Mix flour and 50 g sugar. Add egg and butter in flakes and knead quickly to a shortcrust pastry. Divide dough into 2 portions (1/3 + 2/3), wrap in foil and chill for about 1 hour.
Peel and quarter apples and cut out the core. Cut the fruit flesh into small cubes. Steam apples with some water and 75 g sugar covered in a pot for about 10 minutes until soft. Remove the lid and let the liquid evaporate.
Pour the apple mixture into a bowl and let it cool down.

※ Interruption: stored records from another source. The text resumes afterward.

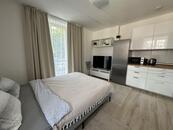 Pronájem bytu 1+kk 32 m², Praha 5, Smíchov, cena 23000 CZK / objekt / měsíc, nabízí Noblesse Homes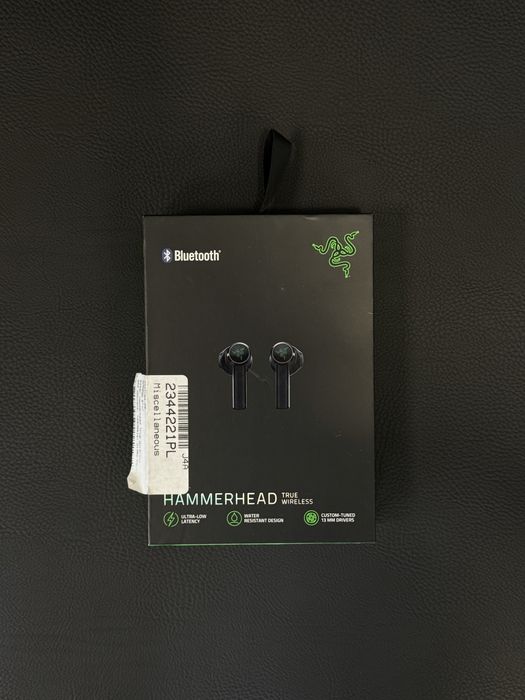 Продавам нови слушалки Razer Hammerhead TW
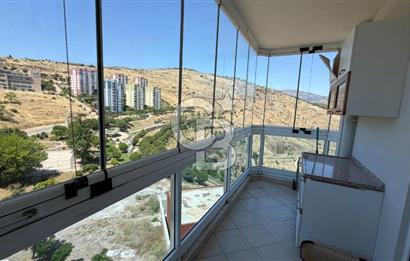 KARŞIYAKA YÜKSEK VADİ EVLERİNDE SATILIK PRESTİJLİ 4+1 DAİRE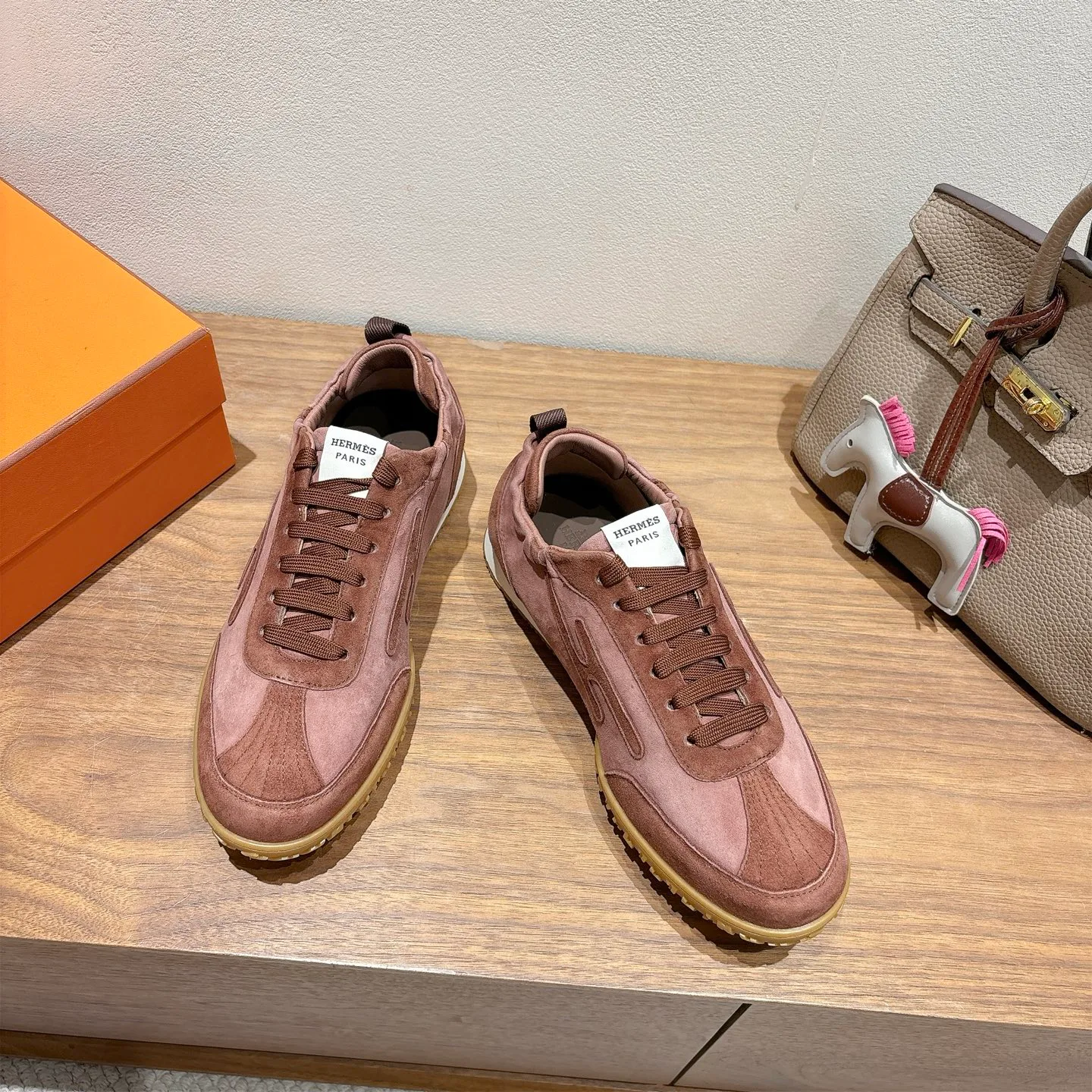 Кроссовки Женские Hermes 10189045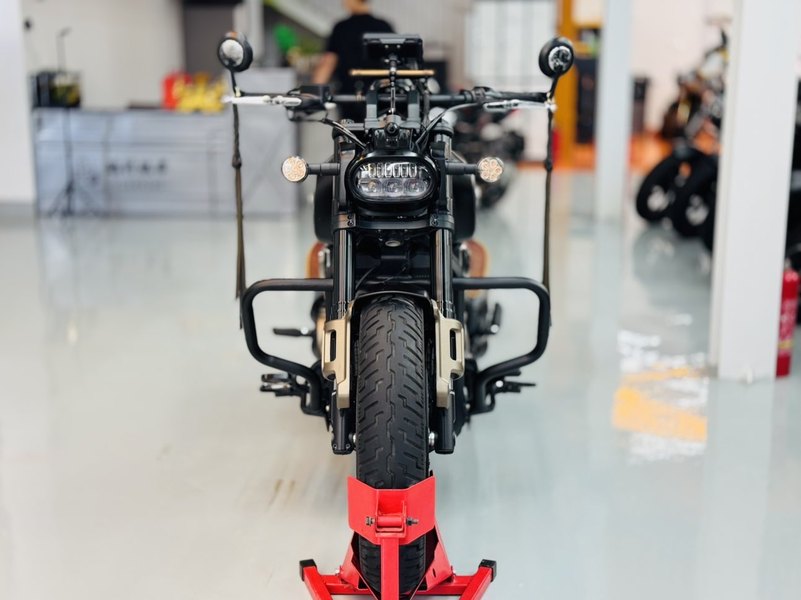 二手QJMOTOR闪600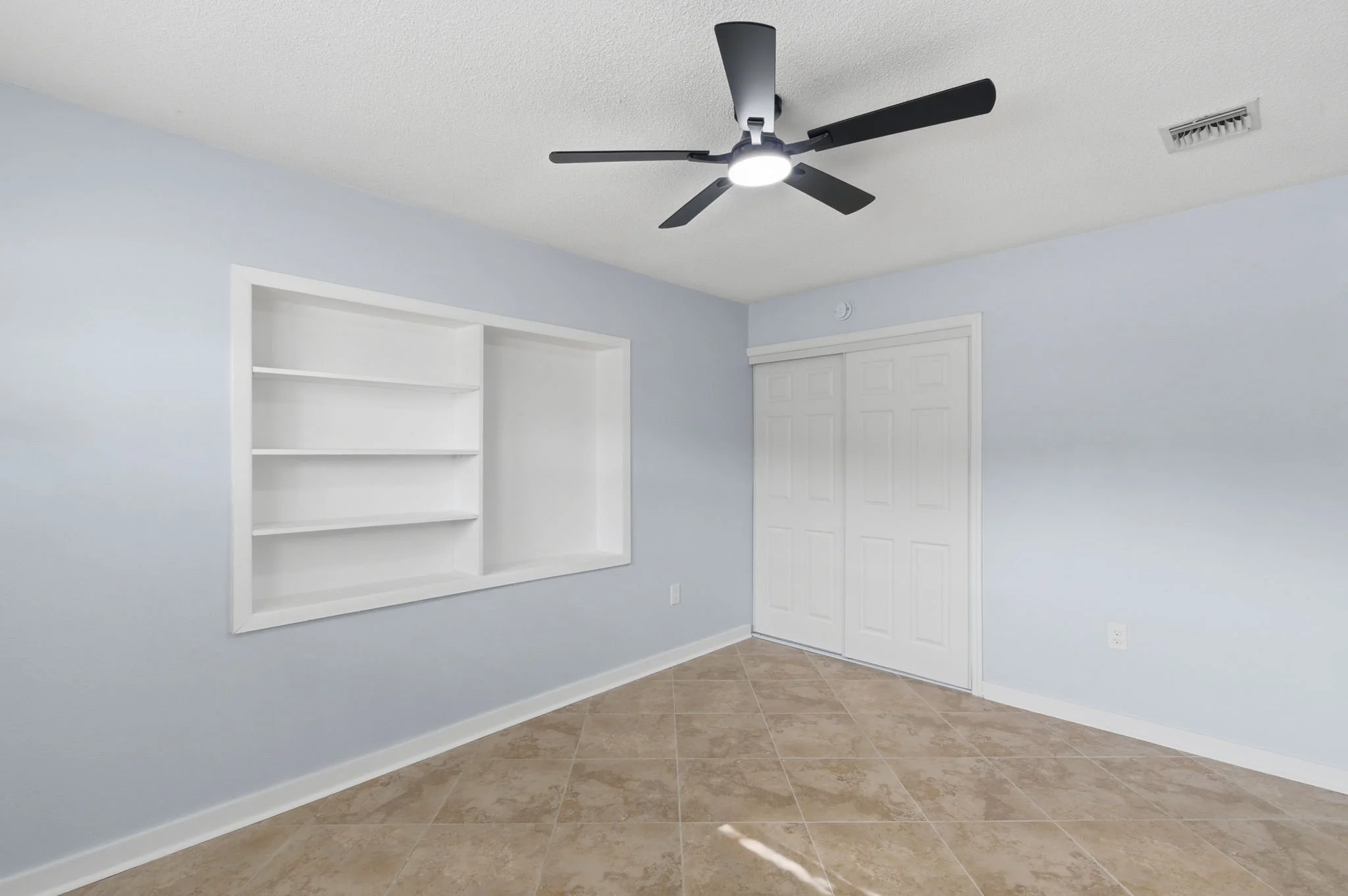 88-web-or-mls-2452-Baywood-Dr-E-87 - BR3.jpg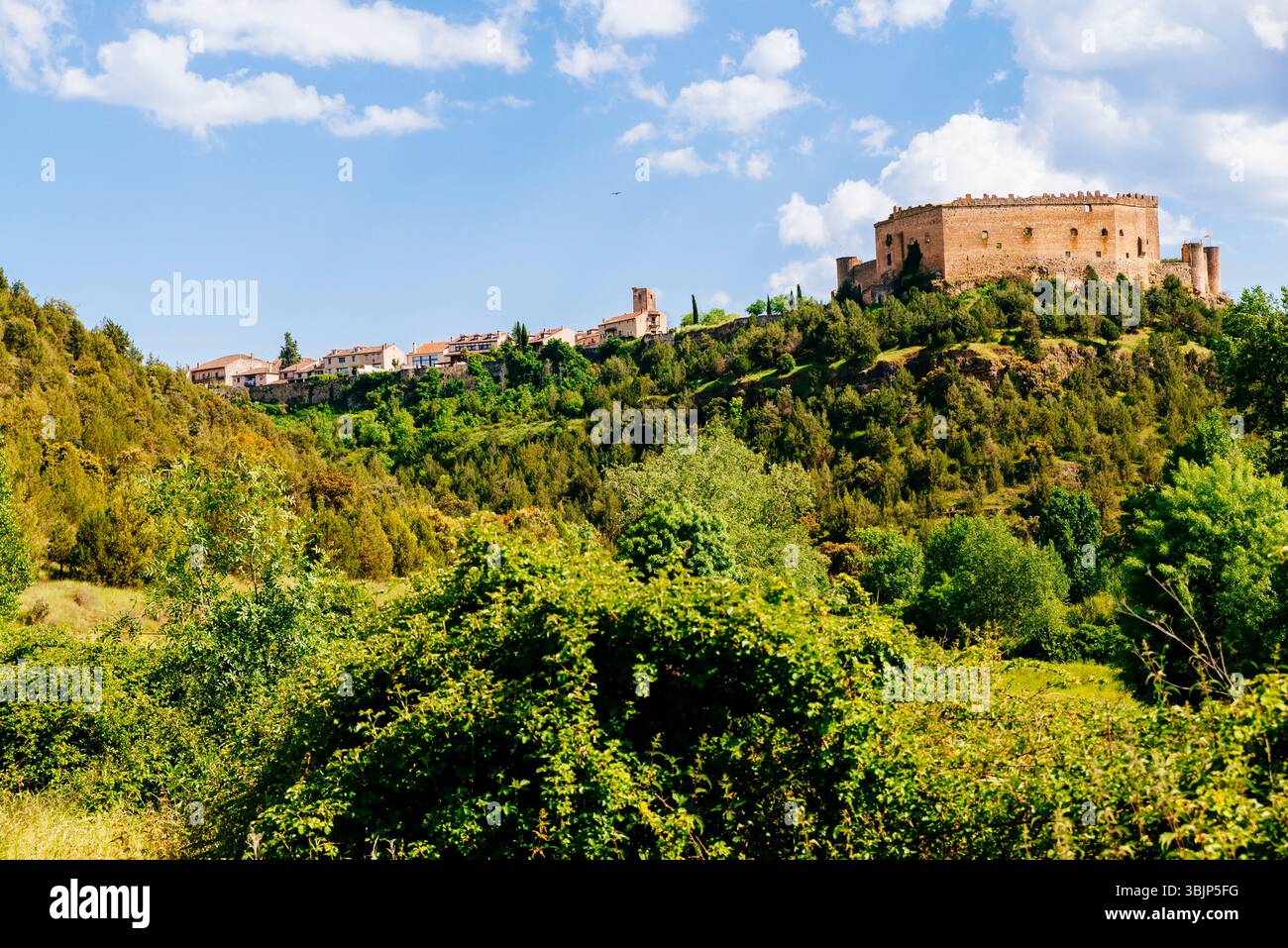 Il villaggio collinare di Pedraza, Segovia, Castilla y León, Spagna, Europa Foto Stock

Roll out the larger piece of dough thinly on a floured work surface and cut out 20 circles (7 cm Ø). Place the dough slices on a baking tray lined with baking paper. Place 1/2 tablespoon compote in the middle of each dough circle.
Roll out the rest of the dough thinly and cut it into strips about 7.5 cm long and 0.6 cm wide using a serrated pastry wheel. Use 4 strips to weave a grid on each cookie, press the ends together and cut out again if necessary.
Mix the egg yolks and 3 tablespoons of water, brush the dough grid thinly with it and sprinkle with 2 tablespoons of sugar. Bake in the preheated oven (electric cooker: 200 °C/ convection oven: 175 °C/ gas: see manufacturer) for 10-12 minutes until golden brown.